Food Price Inflation Slows

Food inflation slowed down to 1.2 per cent in June, from 1.4 per cent in both June and May, reports the British Retail Consortium (BRC)

This is the third highest food inflation figure since January 2014, when it stood 1.1 per cent.

Fresh food inflation slowed down to 1 per cent in July, from the 1.4 per cent in June. Ambient food inflation experienced a 1.6 per cent increase in July, up 1.5 per cent from June.

Helen Dickinson, chief executive of BRC said, "July saw lower food price inflation than in June, bringing the march of overall shop prices towards inflationary territory to a halt, for now at least.

"Lower food price inflation in July was, in part, the result of the easing of upward pressure from the currency depreciation on fresh food. Shorter stock cycles in fresh food mean that more of the impact of the currency depreciation fed through into inflation earlier in the year and hence it is now subsiding. However, the upward pressure on food inflation has not entirely disappeared. Ambient food prices are still affected and as seasonal pricing dynamics play out, we could see fresh food inflation pick up again.

"Notwithstanding pressures on shop prices, further increases in inflation in other areas of the consumer spending basket are likely in coming months. That will put UK households’ already squeezed finances under increasing strain. The Government should be doing all it can to avoid further, potentially significant, increases in the cost of living from a failure to reach a deal with the EU that ensures no new tariffs and secures a fair Brexit for UK consumers.”

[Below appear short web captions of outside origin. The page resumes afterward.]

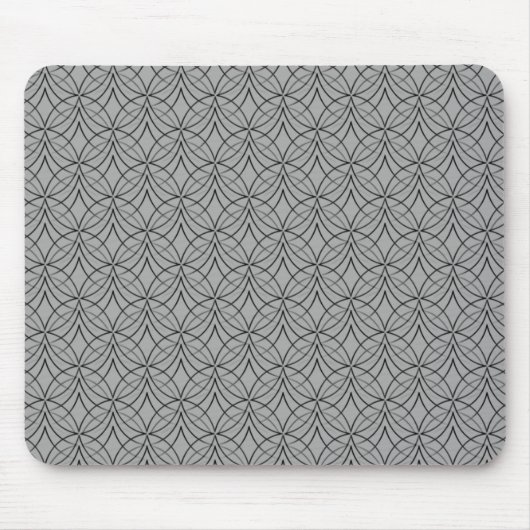 Light Grey Metro Retro Mousepad Muismat (Voorkant)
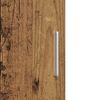 vidaXL Korkea kaappi 2 pcs Vanha puu 80 x 42 x 185 cm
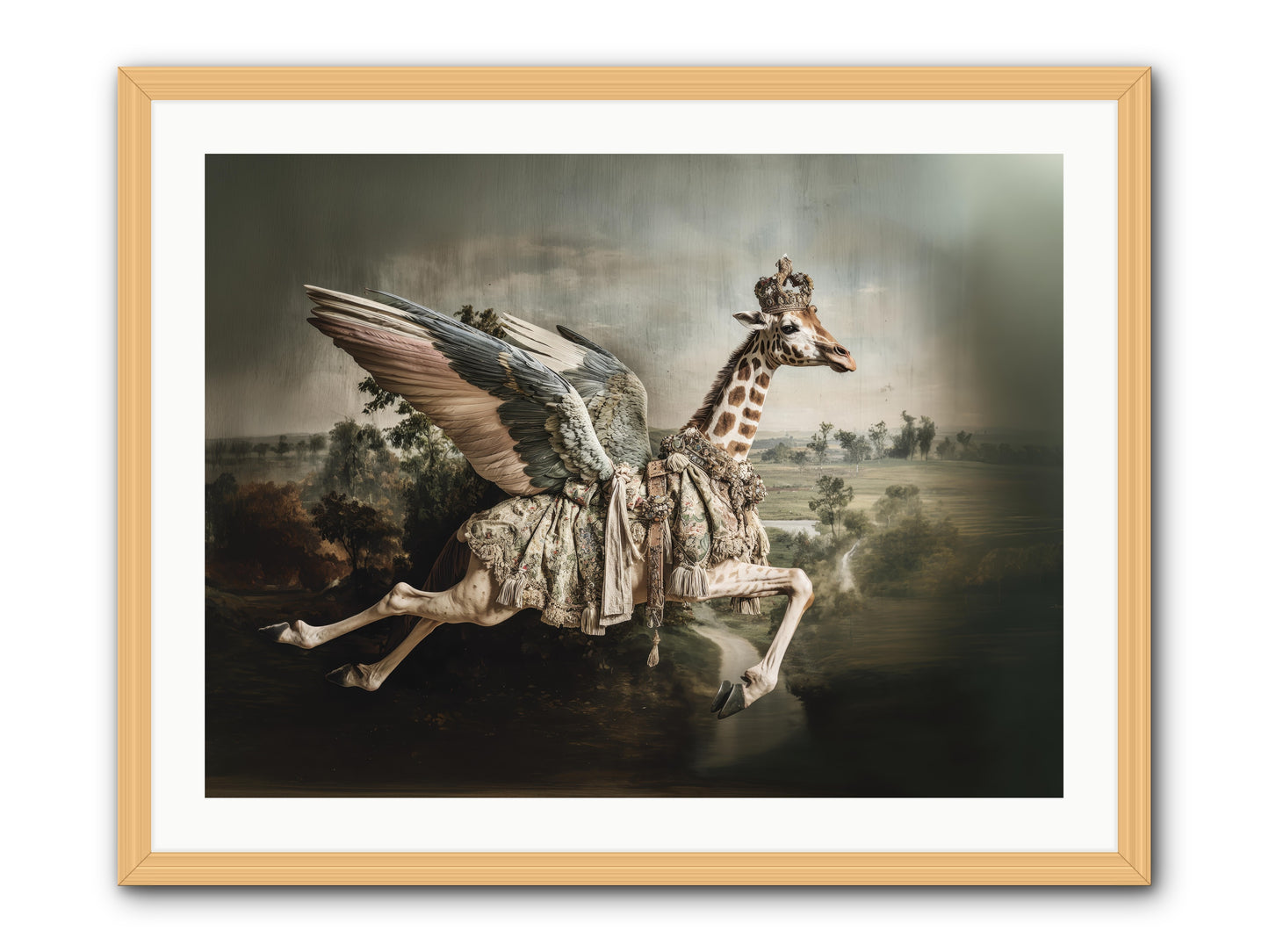 The Meadow of Second Chances -- Framed Print - Natural 32x24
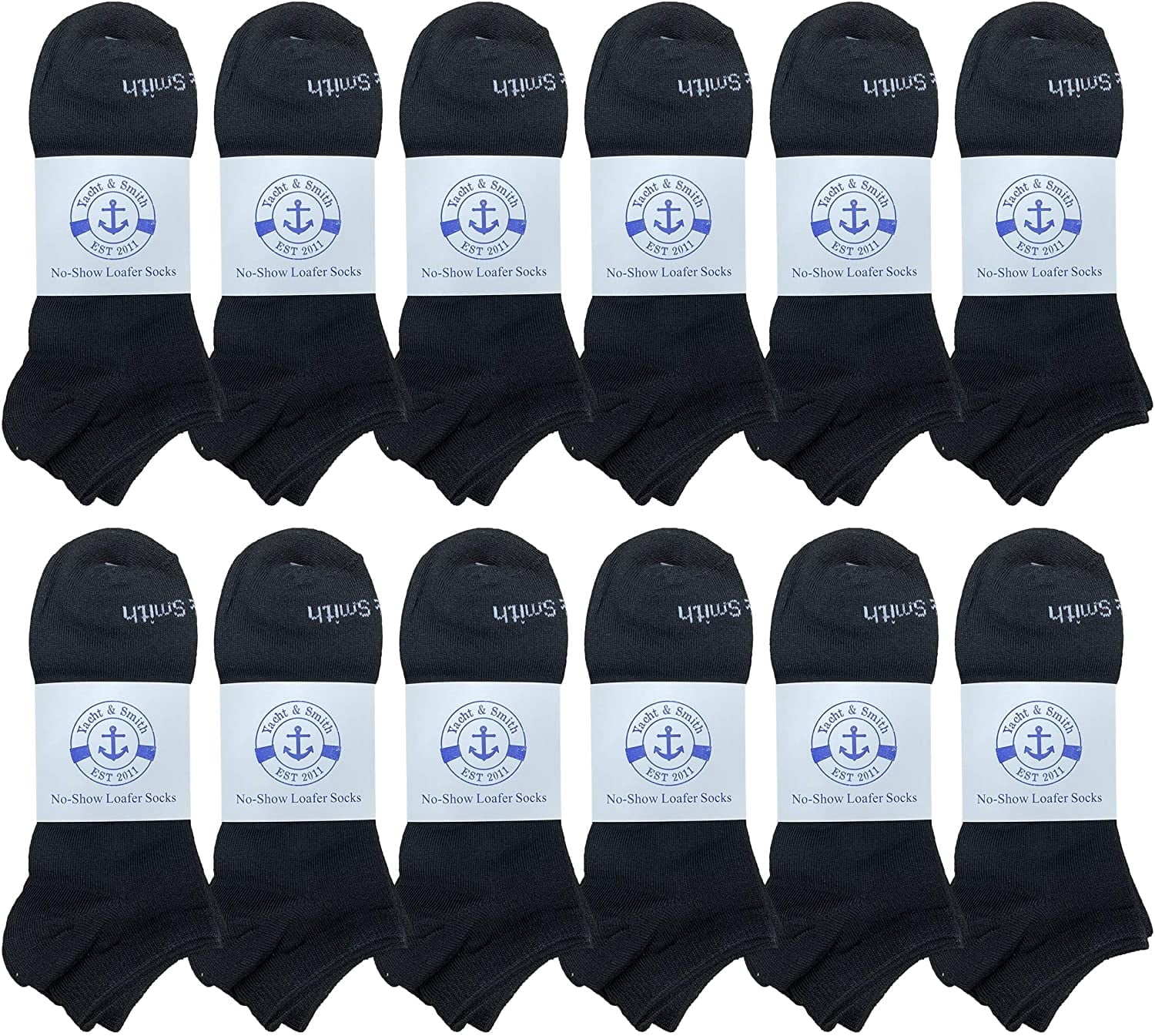 BILLIONHATS 12 Pairs of Men's Wholesale Polyester Shoe Liner Training Socks, No Show, Thin Low Cut Sport Ankle Bulk Socks, 10-13 (12 PACK BLACK)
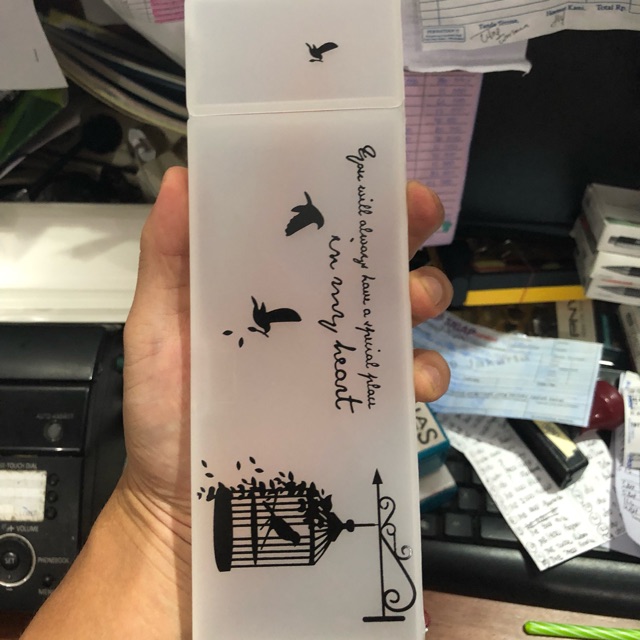 

Tempat pensil lux kecil import xpm transparant doff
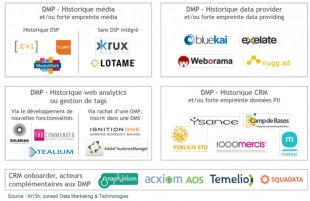 Typologie Dmp selon M13h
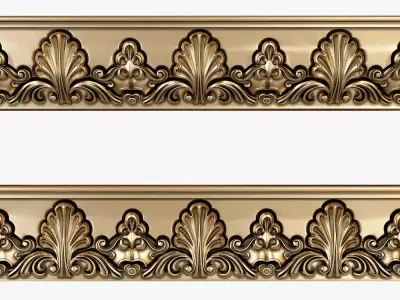Moulding for CNC 3D model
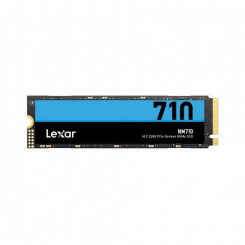 SSD LEXAR NM710 500 GB M.2 PCIe Gen4 NVMe Kirjutamiskiirus 2600 MB/s Lugemiskiirus 5000 MB/s 2,45 mm TBW 300 TB MTBF 1500000 tundi LNM710X500G-RNNNG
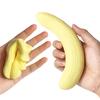 Super Soft Banana Squishy Toy Slow Rising Yellow Banana Flesh Rebound Squeeze Toy Anti Stress Release Ball Hand Relax Gifts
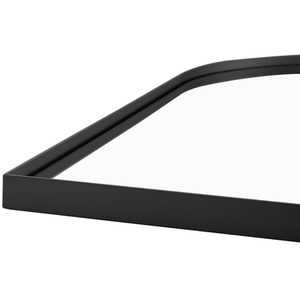 Arch Shaped Metal Frame Explosion-Proof Wall Mirror - Black by Livingandhome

Mike Watkins, head of retailer and business insight at Nielsen said, "The amount of inflationary pressure coming from retail remains less than from other elements of the economy and in the last few weeks, whilst we have seen a return to more normal weather, the level of consumer demand remains unpredictable. Which means retailers are cautious about passing on price increases, in particular at key retail price points. So promotional activity is still an important stimulant of demand as consumers become more cautious in the face of higher living costs.”